### RECORD SET
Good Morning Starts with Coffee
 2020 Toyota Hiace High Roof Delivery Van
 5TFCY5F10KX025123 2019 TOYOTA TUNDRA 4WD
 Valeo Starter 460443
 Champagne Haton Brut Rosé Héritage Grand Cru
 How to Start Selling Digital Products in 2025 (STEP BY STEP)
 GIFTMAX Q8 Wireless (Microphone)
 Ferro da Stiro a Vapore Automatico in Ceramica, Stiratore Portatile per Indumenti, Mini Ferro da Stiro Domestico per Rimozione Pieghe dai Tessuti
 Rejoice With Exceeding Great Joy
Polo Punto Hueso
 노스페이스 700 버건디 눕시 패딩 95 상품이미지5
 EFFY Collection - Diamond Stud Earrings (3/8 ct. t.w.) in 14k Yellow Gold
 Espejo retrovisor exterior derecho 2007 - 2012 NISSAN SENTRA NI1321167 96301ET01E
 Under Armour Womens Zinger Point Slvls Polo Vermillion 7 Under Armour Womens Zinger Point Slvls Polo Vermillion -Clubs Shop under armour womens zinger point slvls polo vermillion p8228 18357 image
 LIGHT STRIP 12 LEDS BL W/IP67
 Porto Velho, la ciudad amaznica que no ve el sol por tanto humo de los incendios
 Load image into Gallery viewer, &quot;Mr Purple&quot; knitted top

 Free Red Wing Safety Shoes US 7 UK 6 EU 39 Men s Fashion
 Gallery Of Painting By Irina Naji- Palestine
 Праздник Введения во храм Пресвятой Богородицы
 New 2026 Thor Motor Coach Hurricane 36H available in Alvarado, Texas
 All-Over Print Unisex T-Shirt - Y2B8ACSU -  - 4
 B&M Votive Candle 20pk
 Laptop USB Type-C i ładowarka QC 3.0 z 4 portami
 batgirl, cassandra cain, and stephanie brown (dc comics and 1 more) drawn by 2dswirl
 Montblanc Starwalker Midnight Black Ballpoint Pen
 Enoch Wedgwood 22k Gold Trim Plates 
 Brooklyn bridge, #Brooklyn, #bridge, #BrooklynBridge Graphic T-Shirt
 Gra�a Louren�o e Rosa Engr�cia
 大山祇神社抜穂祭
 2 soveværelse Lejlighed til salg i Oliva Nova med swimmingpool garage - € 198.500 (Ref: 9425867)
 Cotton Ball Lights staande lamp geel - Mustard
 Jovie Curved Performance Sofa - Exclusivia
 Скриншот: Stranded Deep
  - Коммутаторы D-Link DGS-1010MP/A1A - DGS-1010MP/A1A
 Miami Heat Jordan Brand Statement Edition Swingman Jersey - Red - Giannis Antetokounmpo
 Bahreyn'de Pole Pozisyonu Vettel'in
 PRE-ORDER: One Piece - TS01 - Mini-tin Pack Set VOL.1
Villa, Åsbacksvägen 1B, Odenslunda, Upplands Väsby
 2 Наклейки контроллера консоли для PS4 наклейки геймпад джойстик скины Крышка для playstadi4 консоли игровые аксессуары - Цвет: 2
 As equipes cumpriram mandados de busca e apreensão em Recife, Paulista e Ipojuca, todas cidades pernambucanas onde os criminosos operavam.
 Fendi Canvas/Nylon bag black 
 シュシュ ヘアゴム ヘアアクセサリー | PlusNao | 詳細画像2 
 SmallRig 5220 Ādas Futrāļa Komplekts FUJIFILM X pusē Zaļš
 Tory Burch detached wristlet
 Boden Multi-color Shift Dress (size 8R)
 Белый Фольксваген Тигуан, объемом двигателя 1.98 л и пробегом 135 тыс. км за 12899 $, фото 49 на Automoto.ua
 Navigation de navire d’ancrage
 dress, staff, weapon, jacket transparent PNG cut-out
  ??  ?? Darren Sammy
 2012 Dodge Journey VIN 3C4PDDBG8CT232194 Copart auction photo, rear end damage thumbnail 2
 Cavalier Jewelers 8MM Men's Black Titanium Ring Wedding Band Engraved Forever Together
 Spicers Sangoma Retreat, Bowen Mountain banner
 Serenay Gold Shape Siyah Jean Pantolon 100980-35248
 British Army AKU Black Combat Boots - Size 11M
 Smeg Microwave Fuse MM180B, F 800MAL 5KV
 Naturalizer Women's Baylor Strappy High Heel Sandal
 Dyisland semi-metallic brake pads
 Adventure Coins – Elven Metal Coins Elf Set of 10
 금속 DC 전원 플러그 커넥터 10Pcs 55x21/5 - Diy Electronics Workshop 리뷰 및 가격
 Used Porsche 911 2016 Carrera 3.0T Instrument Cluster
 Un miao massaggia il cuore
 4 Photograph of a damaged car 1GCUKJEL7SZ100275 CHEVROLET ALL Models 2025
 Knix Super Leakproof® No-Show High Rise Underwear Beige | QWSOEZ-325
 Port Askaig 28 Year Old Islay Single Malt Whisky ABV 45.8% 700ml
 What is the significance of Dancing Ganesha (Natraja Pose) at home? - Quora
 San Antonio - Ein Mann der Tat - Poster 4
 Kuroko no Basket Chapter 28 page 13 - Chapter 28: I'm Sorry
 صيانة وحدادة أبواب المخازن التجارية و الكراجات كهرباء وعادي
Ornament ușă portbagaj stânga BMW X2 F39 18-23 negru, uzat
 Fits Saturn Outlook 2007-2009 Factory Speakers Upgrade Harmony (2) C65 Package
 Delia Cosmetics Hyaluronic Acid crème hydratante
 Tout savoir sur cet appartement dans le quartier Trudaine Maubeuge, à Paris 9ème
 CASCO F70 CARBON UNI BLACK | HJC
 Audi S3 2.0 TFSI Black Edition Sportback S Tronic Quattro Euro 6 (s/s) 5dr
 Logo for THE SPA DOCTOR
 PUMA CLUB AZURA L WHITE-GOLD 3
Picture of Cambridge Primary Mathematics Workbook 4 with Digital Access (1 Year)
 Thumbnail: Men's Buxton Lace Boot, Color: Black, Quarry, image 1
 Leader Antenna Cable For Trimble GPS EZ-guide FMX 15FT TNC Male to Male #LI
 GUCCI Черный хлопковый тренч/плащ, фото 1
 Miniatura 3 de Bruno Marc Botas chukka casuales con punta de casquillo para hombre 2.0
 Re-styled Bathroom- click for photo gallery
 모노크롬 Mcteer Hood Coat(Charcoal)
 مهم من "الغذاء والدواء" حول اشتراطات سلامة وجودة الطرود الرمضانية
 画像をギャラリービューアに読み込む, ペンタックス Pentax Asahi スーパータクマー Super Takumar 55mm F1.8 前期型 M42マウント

### DIRECTIONS FOR THIS TASK
Write out the lines of the entries, word for word, from the first through the one containing "All-Over Print Unisex", and stop at that line.

### COMPLETED EXERCISE
Good Morning Starts with Coffee
 2020 Toyota Hiace High Roof Delivery Van
 5TFCY5F10KX025123 2019 TOYOTA TUNDRA 4WD
 Valeo Starter 460443
 Champagne Haton Brut Rosé Héritage Grand Cru
 How to Start Selling Digital Products in 2025 (STEP BY STEP)
 GIFTMAX Q8 Wireless (Microphone)
 Ferro da Stiro a Vapore Automatico in Ceramica, Stiratore Portatile per Indumenti, Mini Ferro da Stiro Domestico per Rimozione Pieghe dai Tessuti
 Rejoice With Exceeding Great Joy
Polo Punto Hueso
 노스페이스 700 버건디 눕시 패딩 95 상품이미지5
 EFFY Collection - Diamond Stud Earrings (3/8 ct. t.w.) in 14k Yellow Gold
 Espejo retrovisor exterior derecho 2007 - 2012 NISSAN SENTRA NI1321167 96301ET01E
 Under Armour Womens Zinger Point Slvls Polo Vermillion 7 Under Armour Womens Zinger Point Slvls Polo Vermillion -Clubs Shop under armour womens zinger point slvls polo vermillion p8228 18357 image
 LIGHT STRIP 12 LEDS BL W/IP67
 Porto Velho, la ciudad amaznica que no ve el sol por tanto humo de los incendios
 Load image into Gallery viewer, &quot;Mr Purple&quot; knitted top

 Free Red Wing Safety Shoes US 7 UK 6 EU 39 Men s Fashion
 Gallery Of Painting By Irina Naji- Palestine
 Праздник Введения во храм Пресвятой Богородицы
 New 2026 Thor Motor Coach Hurricane 36H available in Alvarado, Texas
 All-Over Print Unisex T-Shirt - Y2B8ACSU -  - 4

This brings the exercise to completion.